I have fished Causey on the ice a few times, and once from the bank during the summer and I did see someone in a canoe, but no other boats on the lake. Is there a place to launch a boat? The sides are so steep that I wonder if it is possible. I have a small 12' fishing boat with a 5hp motor and I would love to troll around that lake and get back into those canyons when summer comes around. Are motors allowed? If so is it wake-less speed only like at Lost Creek?


----------



## waltny (Sep 8, 2007)

Wakeless speeds only...

There is no traditional boat launch to speak off, its just down the dirt road pass the lookout point.


----------



## Grandpa D (Sep 7, 2007)

Causey is difficult to launch a boat from.
You have to carry it to the water.
It can be done, but very few people try it.
That's why you see canoes and pontoon boats with motors, instead of boats.


----------



## Guest (Jan 8, 2008)

That is what I suspected.

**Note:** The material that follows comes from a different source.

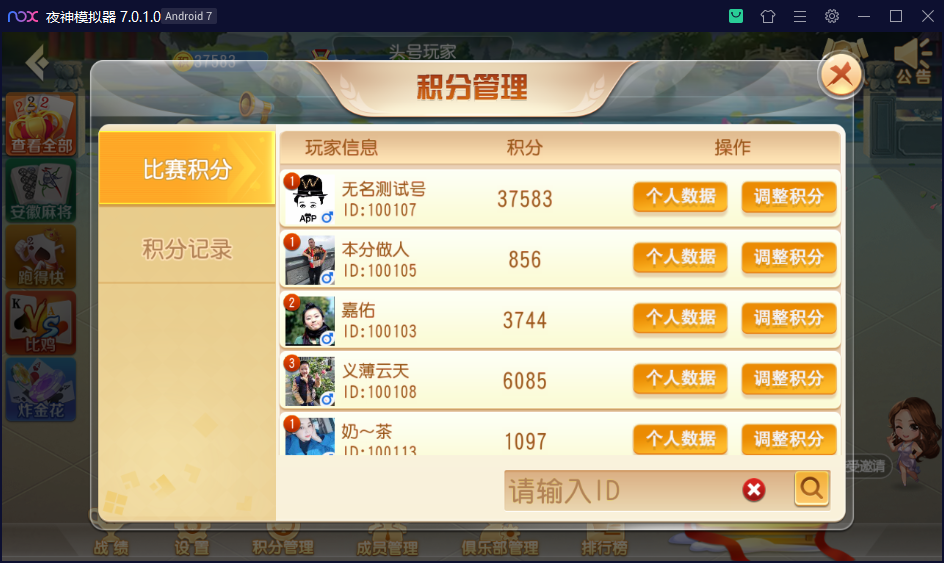 创胜系列维达互娱/完整环境工具/双端带控/授权机+搭建教程插图17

I have only fished it near the dam, but looking at it on Google Earth I don't see any kind of boat ramp going down to the water, and also I know that access points on that lake are mostly private. I still would like to fish the lake from a boat so that I can get back into those canyons, but perhaps I should use it as an excuse to get a canoe. My son is getting to the age where I want to start taking him with me when I go fishing so a pontoon wouldn't be ideal. Thanks for the info.


----------



## Greenguy88 (Sep 7, 2007)

We always launch near the dam or by the estates entrance with our pontoons (with motors) and go back to the fingers, its good fishing back there and pretty scenery.


----------